The lucky 19 people who own Dark Vision now have such a problem. Their trainer Mark Johnston will be the one who must decide how to solve it.

In Dark Vision, the striking last-to-first winner of the Qatar Vintage Stakes, the Kingsley Park 10 partnership is now in possession of a most valuable commodity, a colt quoted at just 20-1 for the Qipco 2,000 Guineas.

Relive Dark Vision's Vintage Stakes win

Each member of the syndicate paid a total of £7,000 to cover the purchase price and juvenile season training fees of three horses, described as at one point "left on the shelf, unsold" by Johnston.

One of the three, Victory Command, landed an Ascot Listed race on Saturday, but the best appears to be Dark Vision, a 15,000gns yearling who could now be worth a seven-figure sum to a big owner with big pockets.

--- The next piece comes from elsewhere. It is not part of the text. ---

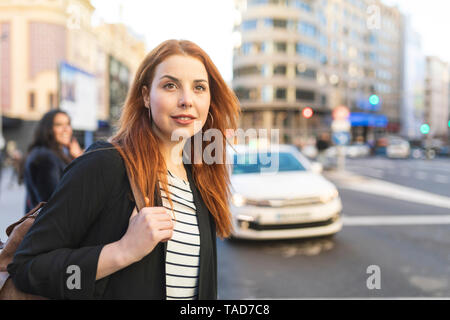 Ritratto di redheaded giovane donna con piercing per il naso in città Foto Stock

To keep or to sell. Johnston must decide.

"It's very difficult," said Johnston.

"A problem with inexperienced owners is sometimes that they get carried away with the dream. You have to be sensible.

"They've now gone from gambling £7,000 to gambling hundreds of thousands of pounds – and it is a gamble. We had a real good horse last year who attracted a £750,000 offer after one run. He was beaten next time and that was hundreds of thousands lost.

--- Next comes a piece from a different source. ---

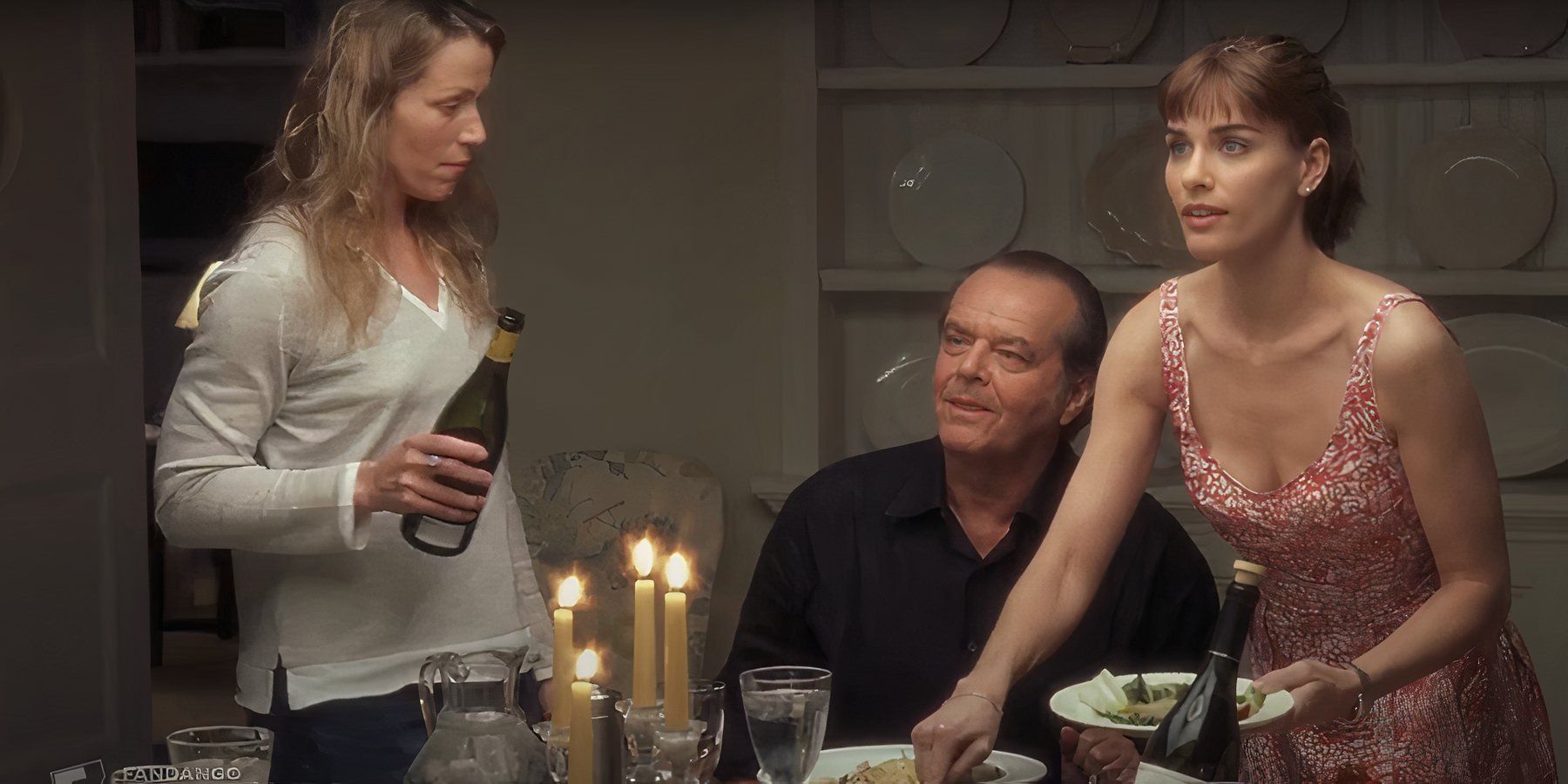 Harry (Jack Nicholson) and Marrin (Amanda Peet) sharing a family dinner in Something's Gotta Give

"A couple of years ago, when I first started doing these Kingsley Park partnerships, we had a big offer for a filly. At that stage the rules said there had to be a unanimous decision. Getting a unanimous decision from 19 people is impossible – so I changed the rules and now it's my decision."

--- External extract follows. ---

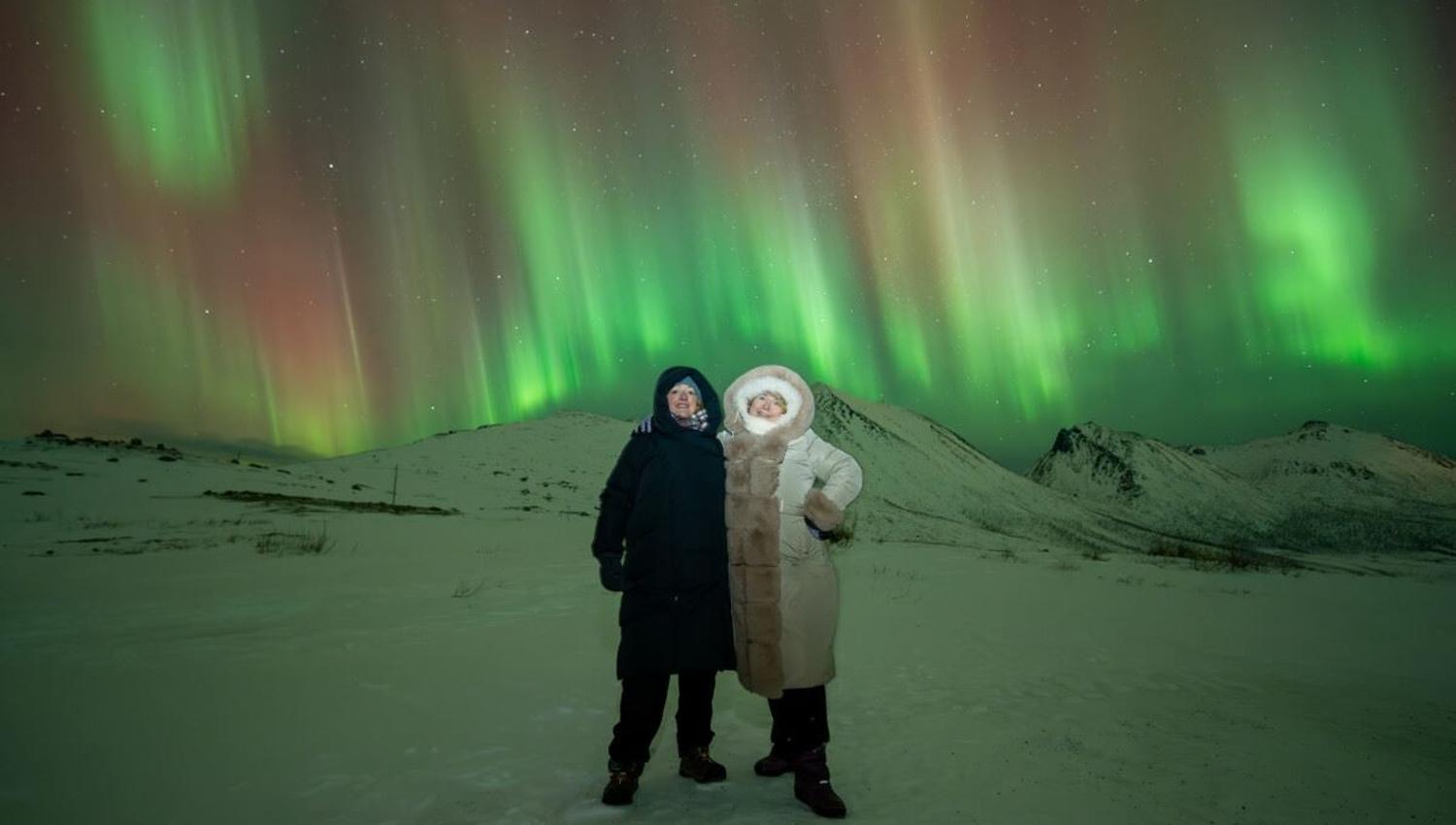 Streams of Aurora dance behind a couple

Mark Johnston is surrounded by the media after Dark Vision's win

The Kingsleys can take heart from the fact Johnston has yet to let them down. Two of his three previous Vintage winners, Mister Baileys and Shamardal, went on to Classic glory. The manner in which Dark Vision mowed down Dunkerron and Confiding under Silvestre de Sousa suggests he deserves to be at least talked of as a long-range Classic contender.

"When he missed the break here I thought it was all over," said Johnston. "At this stage if he had come fourth I would have thought I had a really nice horse on my hands. The biggest problem I'll have now will be keeping everyone's feet on the ground."

That's another nice problem to have.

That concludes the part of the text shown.